# About this task:
Lines outside the range are not wanted. Give again exactly the lines between the line holding "Ball Valve 4mm" and the line holding "Drawer Repair Kit, Furniture", inclusive, from the listing below.

# Supplied material:

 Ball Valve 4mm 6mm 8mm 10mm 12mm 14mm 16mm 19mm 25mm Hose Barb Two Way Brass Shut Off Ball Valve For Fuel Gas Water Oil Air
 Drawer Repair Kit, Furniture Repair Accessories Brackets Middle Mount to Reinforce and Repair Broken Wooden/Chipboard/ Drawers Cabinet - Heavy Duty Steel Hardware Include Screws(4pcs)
==
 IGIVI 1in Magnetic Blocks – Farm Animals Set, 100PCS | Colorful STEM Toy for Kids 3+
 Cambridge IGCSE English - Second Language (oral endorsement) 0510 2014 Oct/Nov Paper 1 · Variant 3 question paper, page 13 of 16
--
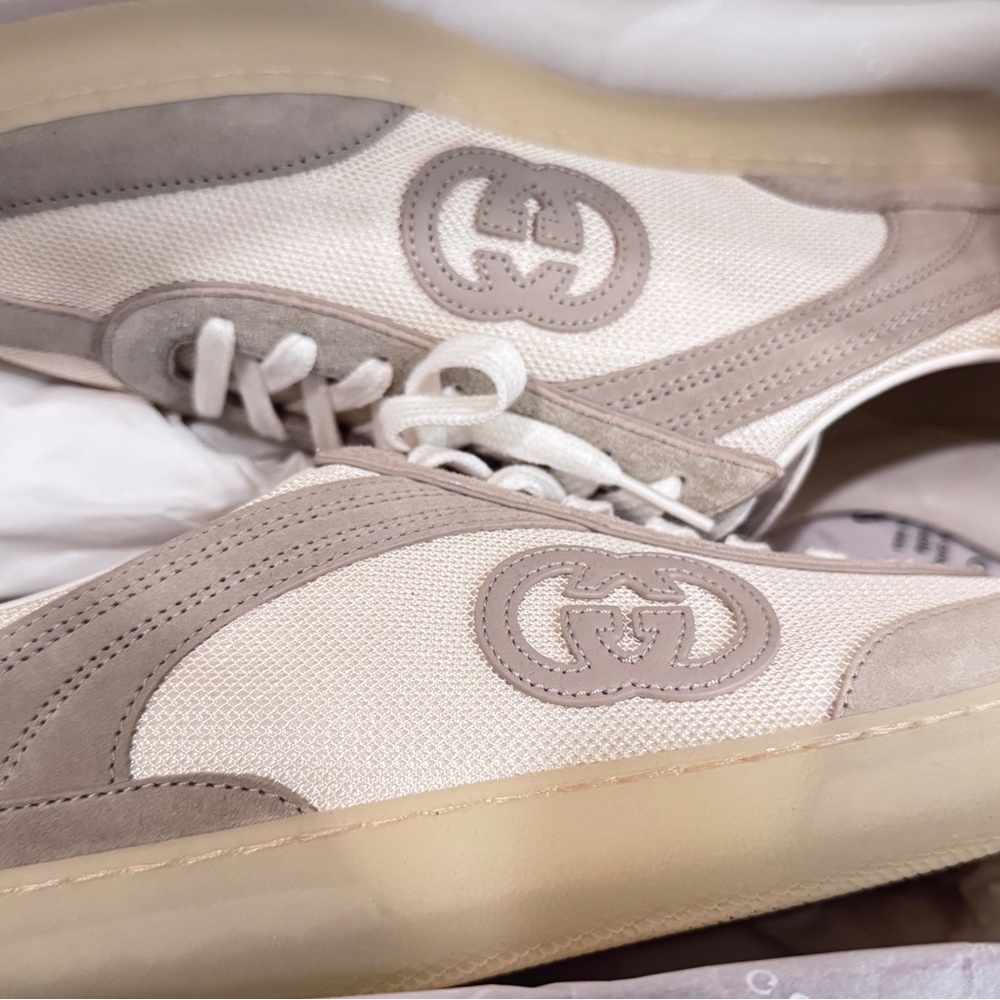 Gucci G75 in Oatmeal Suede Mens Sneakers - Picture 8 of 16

# Exercise solution:
 Ball Valve 4mm 6mm 8mm 10mm 12mm 14mm 16mm 19mm 25mm Hose Barb Two Way Brass Shut Off Ball Valve For Fuel Gas Water Oil Air
 Drawer Repair Kit, Furniture Repair Accessories Brackets Middle Mount to Reinforce and Repair Broken Wooden/Chipboard/ Drawers Cabinet - Heavy Duty Steel Hardware Include Screws(4pcs)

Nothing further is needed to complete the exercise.